Your instructions ->
Please make an exact copy of the listing, without the pictures.

Provided data ->
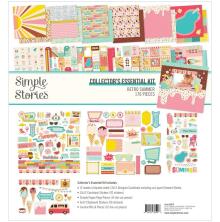 Simple Stories Collectors Essential Kit 12X12 - Retro Summer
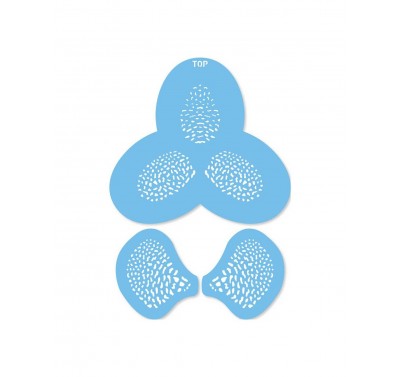 JEM Orchid Dots - Stencil Set of 3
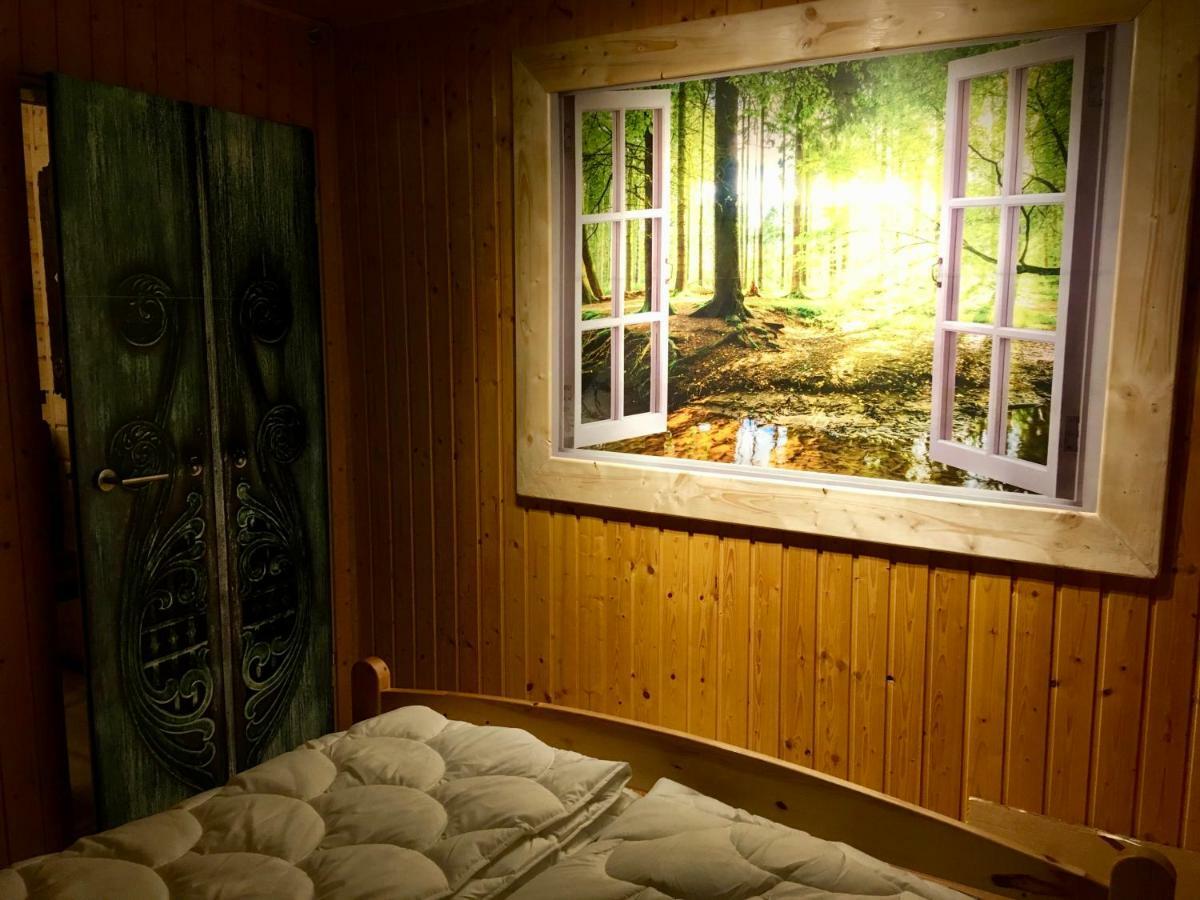 Holzhaus Trollbluemchen Am Wald Und See Neuruppin Eksteriør bilde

Answer for this exercise ->
 Simple Stories Collectors Essential Kit 12X12 - Retro Summer
 JEM Orchid Dots - Stencil Set of 3
 Holzhaus Trollbluemchen Am Wald Und See Neuruppin Eksteriør bilde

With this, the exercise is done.